Jean Paul Ntsengue, expert sénior des questions électorales et politiques, a publié un texte titré illustration parfaite du "droit du quartier". Dans celui-ci, il donne un exemple.
Maitre Christian Ntimbane Bomo est avocat et pasteur. Dans cet article juridique, il doit confondre exégèse juridique et exégèse biblique car, je ne vois aucune logique ni dans son interprétation de la loi, ni dans l'application qu'il en fait s'agissant de l'exigence des 300 signatures que le Code électoral impose au candidat indépendant ou à celui qui est investi par un parti politique n'ayant pas d'élu(s). Son texte est le fruit d'un juridisme de mauvais goût.
L'évocation hors de propos de principes généraux du Droit et de théories juridiques (circonstances exceptionnelles dérogatoires au Droit applicable, fait du Prince), démontre qu'il a mal assimilé son cours de Droit constitutionnel appris en 1ère année, il y a longtemps. Le fait qu'il soit privatiste aussi ne l'aide pas beaucoup. Et quand je vois les gens l'encenser sous ce post, je comprends pourquoi le juriste du village est célébré comme le plus grand savant du domaine. Prenons les deux cas évoqués par Ntimbane Bomo.
À quoi s'applique l'effet dérogatoire de la théorie des circonstances exceptionnelles dans le cas de la prorogation des mandats ?
Dans le cas de la prorogation des mandats des députés et des conseillers municipaux, les circonstances exceptionnelles évoquées pour justifier le report, pèsent sur la date desdits scrutins et non sur la validité des mandats prorogés. Ceci veut dire que le décret de prorogation est dérogatoire au calendrier électoral préexistant, lui-même établi conformément à la loi existante, et non à la validité des mandats pendant la période de prorogation. J'espère que c'est clair pour tout le monde. Les députés et conseillers municipaux dont les mandats ont été prorogés conservent donc une signature légale valable jusqu'à la fin du mandat prorogé.

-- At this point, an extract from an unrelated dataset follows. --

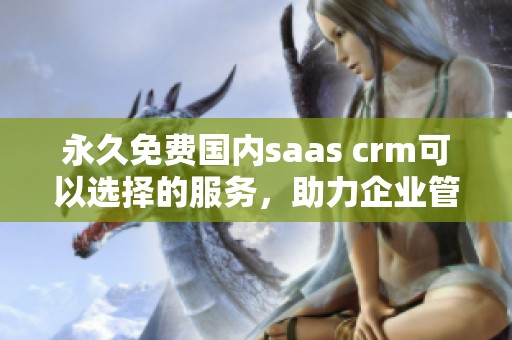 永久免费国内saas crm可以选择的服务，助力企业管理和发展。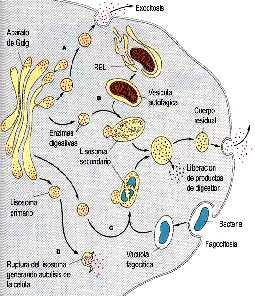 Aparato de Golgi presente en todas las células eucariontes excepto los glóbulos rojos y las células epidérmicas.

Le décret présidentiel portant prorogation des mandats des députés et des conseillers municipaux est-il un fait du prince ?
La réponse est immédiate et sans appel : Non ! Le fait du Prince au temps des Rois, était une prérogative royale qui permettait au monarque de prendre une décision arbitraire et abusive dans une matière où la loi n'interdisait pas cet acte de manière explicite. Ainsi, le Roi pouvait décider en pointant une jeune fille célibataire dans la rue, de la prendre pour femme (il paraît que cette pratique est encore en vigueur dans certaines monarchies traditionnelles camerounaises). Tant que la pratique n'était pas expressément interdite et opposable au Roi, il pouvait ainsi décider.
À la lumière de cette définition, on constate aisément qu'il n'y a pas eu "Fait du Prince", parce que le President Paul Biya, que l'on sait légaliste, a pris son décret de prorogation en vertu de la loi (article 15(4) de la Constitution et article 170 du Code électoral).
Conclusion
Ces juristes du quartier et du village nous font perdre du temps et de l'énergie dans des débats inutiles. Peut-être pour justifier les levées de fonds et autres soutiens obscurs. Pensent-ils réellement que leurs candidatures sont sérieuses et qu'ils seront candidats dans les conditions qu'ils présentent ? Je crois que non ! Pourquoi donc font-ils cela ? C'est à eux de répondre. Quand je parlais de conquête intellectuelle du pouvoir, il s'agissait d'une exploitation de la législation électorale applicable pour faire échouer toute tentative d'abus ou de fraude. Les moyens juridiques existent. Malheureusement, le peuple n'écoute que le chant des sirènes menteuses.